Interviews were recorded with the Travelling community from a variety of generations portraying their stages of sedentariness chronologically. The camera follows their stories from life on the road in tents and hand-made barrel-top caravans, to trailers parked by the road side, to government-organized trailer parks on hidden halting-sites, to social housing and finally, for those who adapted to the modernizing of Ireland early enough, to privately owned houses. Settled Travellers talk about their former desires to move into a house, their need for mobility and freedom, their possible cleaner future, their boxed feelings whilst living between four walls and their shift in focus to maintenance rather than continuous flow. The imagery switches from architectonical introduction shots to interior details, portraying a capitalization of spaces and minds.
The history of the Travellers is set upon Ireland's transformation from one of the poorest, rural countries in Western Europe to one of the wealthiest.
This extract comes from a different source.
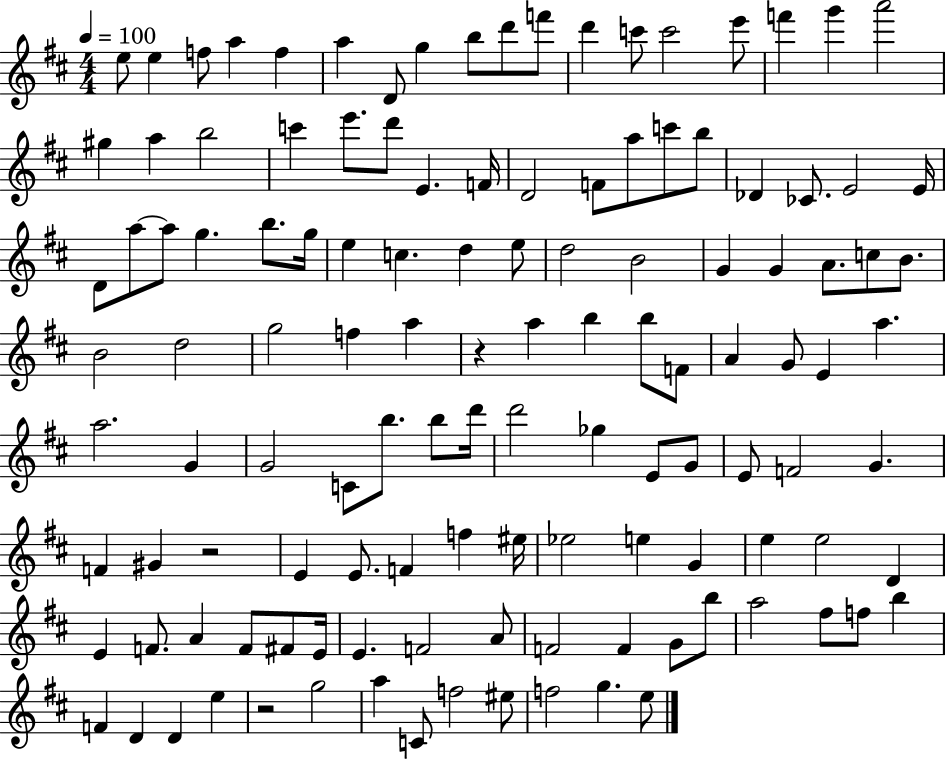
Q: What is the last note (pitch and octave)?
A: E5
It's present day obsessions with property rites, mobility and land ownership is a fundamental part of Irish psyche rooting back to British canonicalisation. Between 1994 and 2006 Ireland had the fastest growing economy in the world, known as 'Celtic Tiger', built solely on exploitative property development and speculation. Supported by bad public governance, house prices rose by 519% in less than fifteen years. The fixation with putting down roots was officially manifested in the Housing Act from 2002, which protects private property over cultural traditions by criminalizing trespass and hereby illegalises the Travellers' way of life. The Irish belief in bricks, mortar and mortgages led to the present financial destruction - leaving highly indebted house-holds, ghost estates and giant empty monoliths like the Cork's Elysian complex, the tallest yet abandoned building of Ireland.
Katrin Hornek (Austria 1983) currently lives and works in Vienna. She studied at the Royal Danish Academy in Copenhagen and at the Academy of Fine Arts Vienna where she graduated in 2008. Her work has recently been shown at Basis Frankfurt, Museum of Modern Art in Moscow and at Pori Art Museum in Finland.
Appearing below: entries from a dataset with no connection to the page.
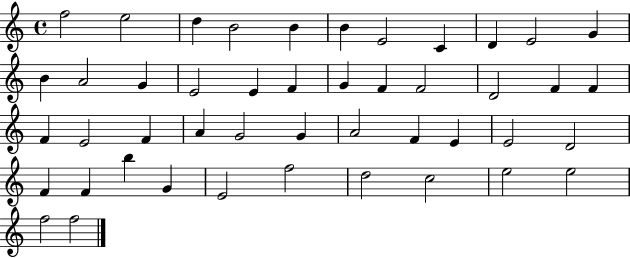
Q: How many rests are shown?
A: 0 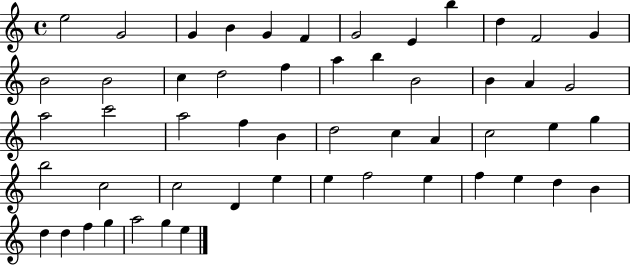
X:1
T:Untitled
M:4/4
L:1/4
K:C
e2 G2 G B G F G2 E b d F2 G B2 B2 c d2 f a b B2 B A G2 a2 c'2 a2 f B d2 c A c2 e g b2 c2 c2 D e e f2 e f e d B d d f g a2 g e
On Thursday January the 13th at 7pm Katrin Hornek will give an artist talk in the gallery. She will also show excerpts of her project - If Architecture Could Talk. Here ideas of freedom professed by Austrians building yurts in their gardens in order to develop self-sufficient ways of living are paralleled with Mongolians who try to move from the yurt - their traditionally nomadic tent vernaculars - into a settled urban environment. The talk and screening on the 13th will be held in dialogue with Dorothé Orczyk, who works as gallery assistant to Ellen de Bruijne and is a project manager for War Zone Amsterdam. Next to that, she is writing her Master-thesis on the relation between financial and aesthetic value of contemporary art.